Readers learn of the commerce in pearls (and black-market parrots) in the Aru Islands of eastern Indonesia. Quammen even finds wildness in smog-choked Los Angeles -- embodied in an elusive population of urban coyotes, too stubborn and too clever to surrender to the sprawl of civilization.
With humor and intelligence, David Quammen's Wild Thoughts from Wild Places also reminds us that humans are just one of the many species on earth with motivations, goals, quirks, and eccentricities.
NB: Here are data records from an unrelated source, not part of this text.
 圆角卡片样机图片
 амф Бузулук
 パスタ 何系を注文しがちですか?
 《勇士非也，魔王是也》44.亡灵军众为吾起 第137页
Expect to be entertained and moved on this journey through the wilds of science and nature.
PUBLISHERS WEEKLY
"Humanity badly needs things that are big and fearsome and homicidally wild," contends acclaimed science writer Quammen (The Song of the Dodo) in this collection of short pieces, most of which appeared originally in Outside magazine. Quammen is an eloquent and witty apologist for the forces of nature that "civilized" people often want tamed: whitewater rivers, avalanche-prone peaks, even cougars or coyotes living near suburban backyards. Despite the dangers and inconveniences such forces might pose to people, "they give us perspective," Quammen writes. "They testify that God... might not be dead after all." Though his point of view is often not especially original and his analyses are necessarily brief, Quammen brings a well-honed sense of irony to essays that range from meditations on trout habitats to an exploration of Tasmanian geography and genocide. He is at his best when he muses on the deeper meanings of such phenomena as the physical properties of vortices, the life cycles of the barnacle or the evolutionary benefits of mammalian monogamy. Some essays, however, like "You Can Run," which deals with viral outbreaks, seem dated--as do the several pieces on kayaking and skiing competitions. While Quammen's sportswriting is superior to most, it isn't outstanding enough to merit inclusion here. Nevertheless, the collection as a whole is distinguished by Quammen's broad-ranging intelligence, keen wit and unabashed passion for wild things and places.